Après les terribles attentats qui ont été commis par des fanatiques islamistes à Paris et Saint Denis le 13 Novembre 2015, l’Etat d’urgence a été décrété sur l’ensemble du territoire puis prolongé de 3 mois après un vote où seuls 6 parlementaires ont votés contre. Cet Etat « d’exception » permet alors entre autres de perquisitionner et d’assigné à résidence par la seule volonté du préfet.
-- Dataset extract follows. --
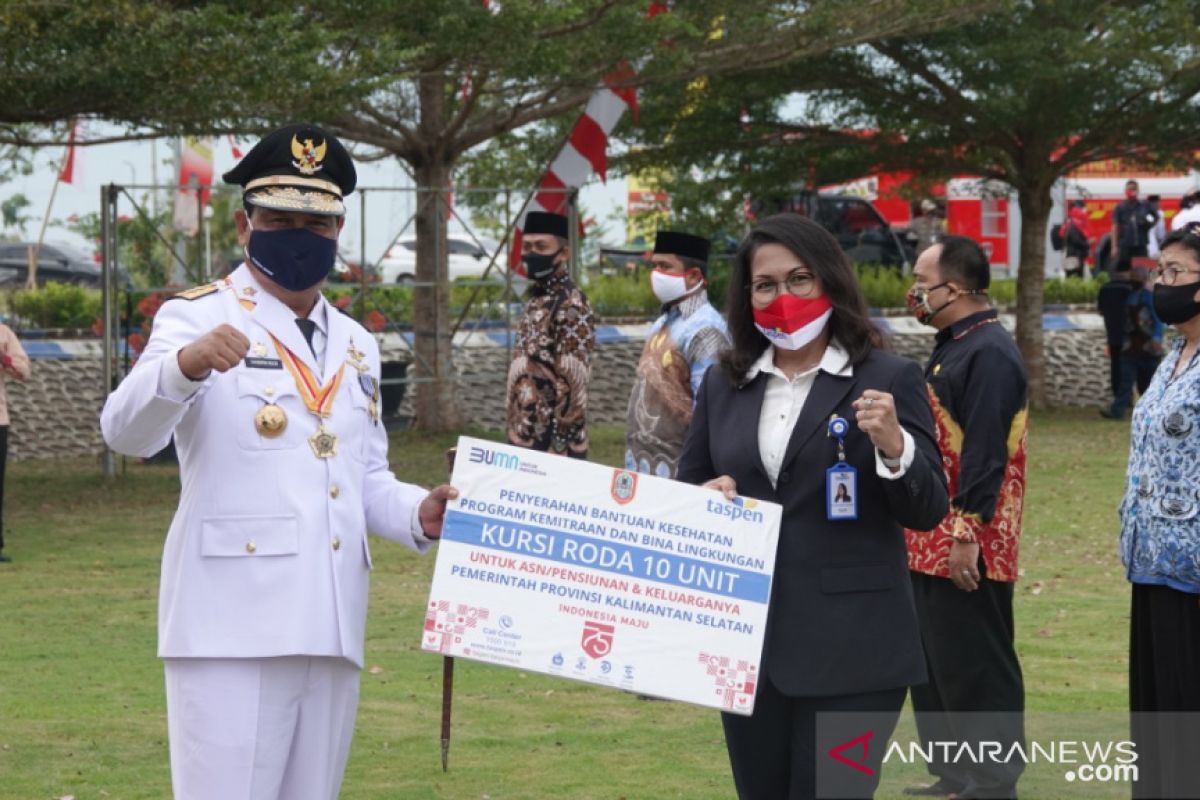 Taspen bantu ratusan unit kursi roda tandai peringatan kemerdekaan ri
Evidemment, ces perquisitions et assignation à résidence ne se sont pas portées seulement sur des potentiels terroristes islamistes mais plus largement sur des musulman-e-s ou considéré-e-s comme tels (de manière plus ou moins arbitraire), et plus surprenant (pas tellement en fait !) sur des militant-e-s anarcho-syndicalistes et écologistes à l’approche de la grande arnaque qu’a été la COP21. Nous voyons alors bien là la logique intrinsèque et mécanique de l’Etat : profitant d’une menace, il agrandit sa capacité de répression sur l’ensemble de la population afin d’assoir son pouvoir. Ainsi de nombreuses manifestations sont interdites, empêchant un déroulement démocratique et légitime de la part des citoyens et endiguant les mouvements sociaux et écologistes sous prétexte de la sécurité publique, alors que pendant ce temps les marchés de noël et grandes surfaces commerciales restaient ouverts sans problème (et oui il ne faut pas empêcher la sacro-sainte croissance !).  Nous avons le droit d’être des consommateurs, mais pas d’exprimer d’avis politique dans la rue comme tout citoyen devrait pouvoir le faire dans une démocratie digne de ce nom.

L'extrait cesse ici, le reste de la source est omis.